Interrogés par les libraires eux-mêmes, ces anciens clients évoquent deux motifs principaux : la contrainte budgétaire, qui les conduit à emprunter en bibliothèque ou à utiliser des boîtes à livres, et un manque de concentration, les séries ou les réseaux sociaux ayant remplacé la lecture comme loisir principal.

Des ventes en berne, des marges qui fondent

Les chiffres du marché confirment cette tendance. Tous circuits confondus, 307 millions d'exemplaires ont été vendus en 2025, soit un recul de 2,5 % sur un an et de 13,8 % depuis 2021. En valeur, le chiffre d'affaires total a atteint près de 4 milliards d'euros, en baisse de 1,5 % sur un an et de 4,6 % depuis 2021. La hausse des prix n'a donc pas compensé la chute des volumes.

Pour les librairies indépendantes, la tendance est plus sévère encore. Leurs ventes en magasin ont chuté de 3 % en valeur en 2025, et jusqu'à 4,5 à 5 % hors de la région parisienne. Dans 30 % des plus petits établissements – ceux dont le chiffre d'affaires annuel est inférieur à 300 000 euros –, la baisse a dépassé 10 % sur un an. À Tonnerre, dans l'Yonne, la libraire Camilla Patruno a vu son chiffre d'affaires s'effondrer de 40 % en janvier 2026, une chute qu'elle qualifie de « violente ».

Des faillites en cascade

Plusieurs acteurs majeurs du secteur ont déjà cédé sous la pression. Après le réseau Gibert, le groupe Nosoli, propriétaire du Furet du Nord à Lille et de 18 autres librairies, a demandé son placement en redressement judiciaire fin mai. Les enseignes lyonnaises Decitre et montpelliéraine Sauramps connaissent également des difficultés. Dans les Landes, la librairie La Rêverie, ouverte en 2021 dans l'euphorie post-Covid, a été placée en redressement judiciaire. À Nice, la librairie féministe Les Parleuses a fermé après huit ans d'activité.

Des appels aux pouvoirs publics

Face à cette dégradation, les libraires indépendants multiplient les interpellations. Le SLF et les représentants de la profession demandent des mesures de soutien, notamment un renforcement de la régulation des plates-formes en ligne et un allègement des charges.
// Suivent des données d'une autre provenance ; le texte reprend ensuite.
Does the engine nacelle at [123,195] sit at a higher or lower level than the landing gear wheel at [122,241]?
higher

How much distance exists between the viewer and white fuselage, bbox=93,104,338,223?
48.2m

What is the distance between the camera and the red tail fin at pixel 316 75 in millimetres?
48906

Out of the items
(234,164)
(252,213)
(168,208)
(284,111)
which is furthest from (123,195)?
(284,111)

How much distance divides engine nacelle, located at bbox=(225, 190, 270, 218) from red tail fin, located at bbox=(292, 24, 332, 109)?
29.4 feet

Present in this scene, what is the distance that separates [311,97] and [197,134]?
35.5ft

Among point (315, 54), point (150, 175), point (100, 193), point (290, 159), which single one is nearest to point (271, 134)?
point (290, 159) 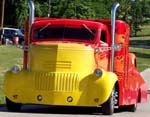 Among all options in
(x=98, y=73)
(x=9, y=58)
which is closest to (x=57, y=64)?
(x=98, y=73)

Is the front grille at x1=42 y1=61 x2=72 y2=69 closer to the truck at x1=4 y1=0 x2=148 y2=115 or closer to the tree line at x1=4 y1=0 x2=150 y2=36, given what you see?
the truck at x1=4 y1=0 x2=148 y2=115

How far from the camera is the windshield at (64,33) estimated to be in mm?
14266

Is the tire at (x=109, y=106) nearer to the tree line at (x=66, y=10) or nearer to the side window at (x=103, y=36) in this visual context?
the side window at (x=103, y=36)

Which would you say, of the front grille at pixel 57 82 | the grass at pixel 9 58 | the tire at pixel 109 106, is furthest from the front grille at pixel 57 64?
the grass at pixel 9 58

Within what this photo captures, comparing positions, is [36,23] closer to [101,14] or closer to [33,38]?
[33,38]

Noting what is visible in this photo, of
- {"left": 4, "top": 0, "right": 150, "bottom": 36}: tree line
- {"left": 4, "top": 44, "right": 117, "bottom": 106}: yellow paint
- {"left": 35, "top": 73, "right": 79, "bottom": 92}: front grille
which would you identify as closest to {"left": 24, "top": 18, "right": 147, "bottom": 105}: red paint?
{"left": 4, "top": 44, "right": 117, "bottom": 106}: yellow paint

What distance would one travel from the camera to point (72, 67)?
13.5 m

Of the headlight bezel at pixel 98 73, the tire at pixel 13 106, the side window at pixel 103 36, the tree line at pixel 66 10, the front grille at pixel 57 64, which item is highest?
the side window at pixel 103 36

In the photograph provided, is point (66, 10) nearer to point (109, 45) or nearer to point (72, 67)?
point (109, 45)

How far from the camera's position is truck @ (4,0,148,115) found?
13.2 m

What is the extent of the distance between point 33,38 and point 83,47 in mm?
1331

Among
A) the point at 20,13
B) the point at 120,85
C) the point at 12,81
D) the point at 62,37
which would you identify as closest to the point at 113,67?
the point at 120,85

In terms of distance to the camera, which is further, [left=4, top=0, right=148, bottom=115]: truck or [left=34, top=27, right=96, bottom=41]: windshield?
[left=34, top=27, right=96, bottom=41]: windshield

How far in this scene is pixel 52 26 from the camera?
14.4 metres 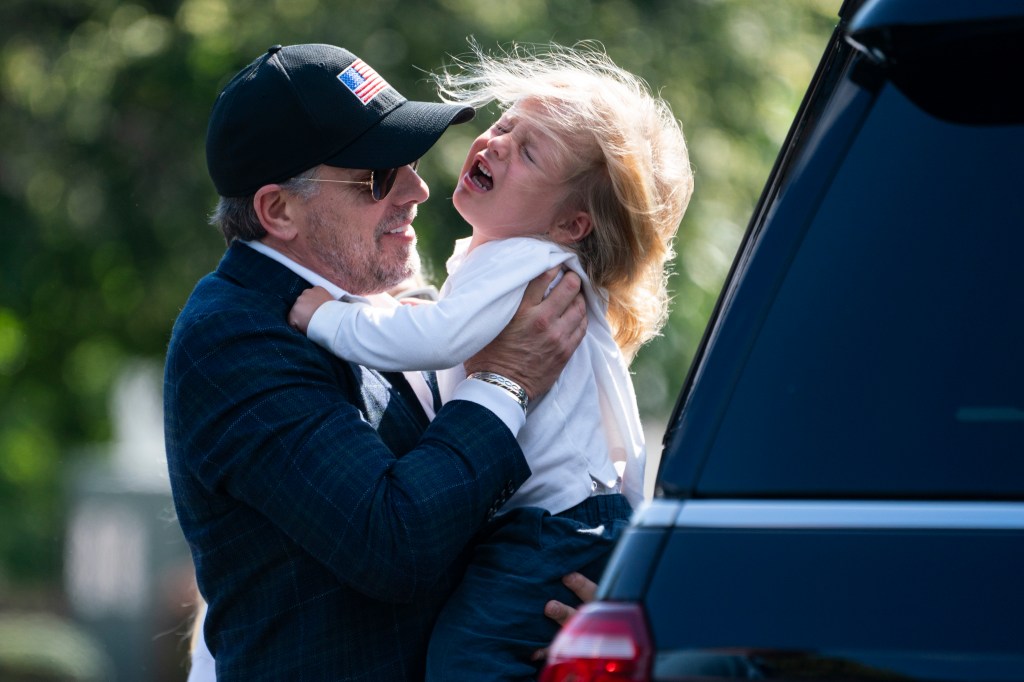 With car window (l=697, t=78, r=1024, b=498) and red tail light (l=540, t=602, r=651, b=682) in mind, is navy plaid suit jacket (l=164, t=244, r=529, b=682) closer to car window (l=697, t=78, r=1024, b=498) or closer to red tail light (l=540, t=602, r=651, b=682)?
red tail light (l=540, t=602, r=651, b=682)

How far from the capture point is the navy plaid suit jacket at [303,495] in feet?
7.28

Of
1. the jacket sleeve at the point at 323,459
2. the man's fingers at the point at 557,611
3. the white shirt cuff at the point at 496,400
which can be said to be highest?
the white shirt cuff at the point at 496,400

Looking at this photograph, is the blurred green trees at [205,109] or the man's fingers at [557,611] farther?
the blurred green trees at [205,109]

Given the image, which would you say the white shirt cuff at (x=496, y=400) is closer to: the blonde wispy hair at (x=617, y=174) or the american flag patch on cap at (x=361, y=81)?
the blonde wispy hair at (x=617, y=174)

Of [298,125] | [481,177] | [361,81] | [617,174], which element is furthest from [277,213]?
[617,174]

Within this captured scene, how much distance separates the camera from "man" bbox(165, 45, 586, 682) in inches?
88.0

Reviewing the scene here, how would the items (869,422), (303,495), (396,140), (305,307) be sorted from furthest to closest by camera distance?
(396,140) → (305,307) → (303,495) → (869,422)

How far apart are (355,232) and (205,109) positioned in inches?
177

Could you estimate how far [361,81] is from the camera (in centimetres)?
264

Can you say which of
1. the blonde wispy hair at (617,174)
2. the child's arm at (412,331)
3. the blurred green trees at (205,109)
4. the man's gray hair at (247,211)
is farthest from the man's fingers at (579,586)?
the blurred green trees at (205,109)

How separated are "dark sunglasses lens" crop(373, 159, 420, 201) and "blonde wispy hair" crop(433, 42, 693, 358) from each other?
34 cm

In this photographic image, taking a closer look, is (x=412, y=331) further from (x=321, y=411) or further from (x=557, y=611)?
(x=557, y=611)

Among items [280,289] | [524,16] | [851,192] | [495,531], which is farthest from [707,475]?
[524,16]

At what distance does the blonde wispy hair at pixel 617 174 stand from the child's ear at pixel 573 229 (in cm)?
1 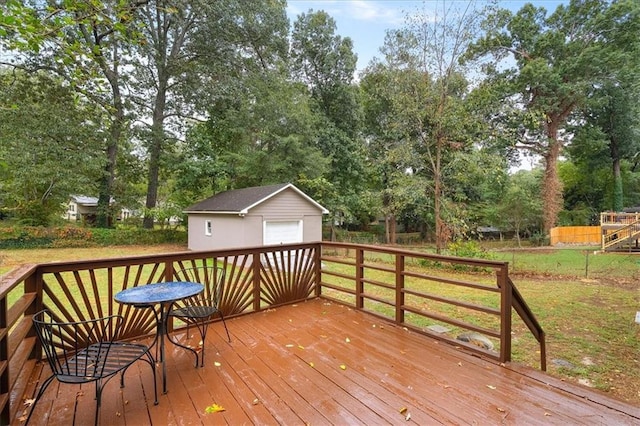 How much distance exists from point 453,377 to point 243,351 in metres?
1.99

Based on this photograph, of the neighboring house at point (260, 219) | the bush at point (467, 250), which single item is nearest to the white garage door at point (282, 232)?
the neighboring house at point (260, 219)

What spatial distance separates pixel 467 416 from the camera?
7.11ft

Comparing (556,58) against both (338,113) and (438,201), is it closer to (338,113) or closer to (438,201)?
(338,113)

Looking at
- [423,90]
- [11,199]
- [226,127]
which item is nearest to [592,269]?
[423,90]

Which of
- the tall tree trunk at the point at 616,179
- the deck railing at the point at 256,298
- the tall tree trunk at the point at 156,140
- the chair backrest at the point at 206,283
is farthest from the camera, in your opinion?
the tall tree trunk at the point at 616,179

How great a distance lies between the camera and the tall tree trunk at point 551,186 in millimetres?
18453

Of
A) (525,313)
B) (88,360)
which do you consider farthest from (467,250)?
(88,360)

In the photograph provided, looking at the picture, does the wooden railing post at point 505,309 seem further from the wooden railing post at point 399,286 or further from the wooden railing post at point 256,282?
the wooden railing post at point 256,282

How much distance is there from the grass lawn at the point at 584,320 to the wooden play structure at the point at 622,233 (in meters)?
4.39

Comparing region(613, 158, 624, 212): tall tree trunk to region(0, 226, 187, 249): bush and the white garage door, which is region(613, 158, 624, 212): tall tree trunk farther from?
region(0, 226, 187, 249): bush

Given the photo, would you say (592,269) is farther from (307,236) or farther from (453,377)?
(453,377)

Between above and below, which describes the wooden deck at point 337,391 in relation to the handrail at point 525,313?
below

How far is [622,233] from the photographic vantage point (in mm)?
15469

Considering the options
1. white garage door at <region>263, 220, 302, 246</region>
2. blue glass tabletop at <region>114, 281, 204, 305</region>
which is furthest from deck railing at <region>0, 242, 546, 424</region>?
white garage door at <region>263, 220, 302, 246</region> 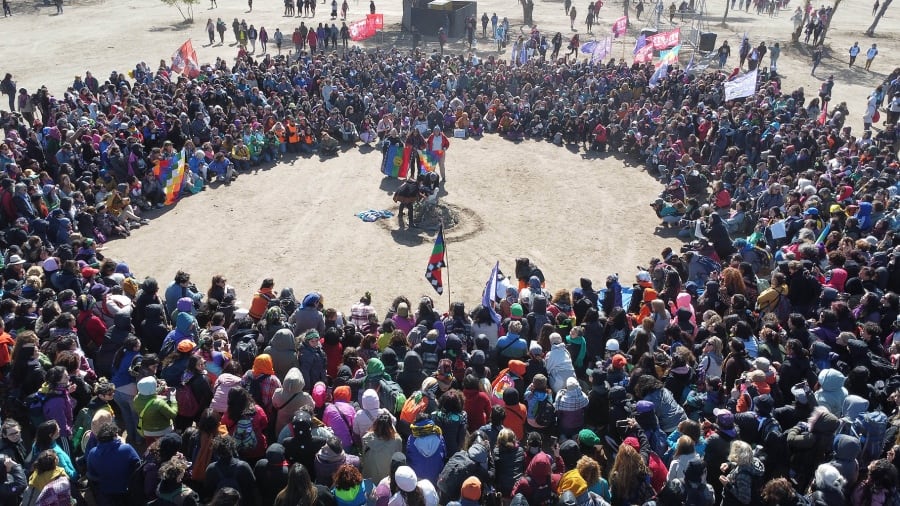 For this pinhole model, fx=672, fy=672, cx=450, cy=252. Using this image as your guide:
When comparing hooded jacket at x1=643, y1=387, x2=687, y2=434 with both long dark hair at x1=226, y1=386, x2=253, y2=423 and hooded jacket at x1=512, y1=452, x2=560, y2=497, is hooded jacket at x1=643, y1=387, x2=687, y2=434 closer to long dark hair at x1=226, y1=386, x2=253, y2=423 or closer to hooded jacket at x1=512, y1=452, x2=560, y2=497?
hooded jacket at x1=512, y1=452, x2=560, y2=497

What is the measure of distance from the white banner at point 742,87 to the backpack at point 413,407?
679 inches

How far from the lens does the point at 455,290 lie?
46.6 ft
La hausse des coûts fixes (loyers, énergie, transport) conjuguée à l'érosion des marges rend de plus en plus difficile l'équilibre économique de ces commerces de proximité. Alors que la France comptait encore 3 400 librairies indépendantes, le spectre d'une hémorragie se précise, menaçant ce que beaucoup considèrent comme l'un des derniers piliers de l'exception culturelle française.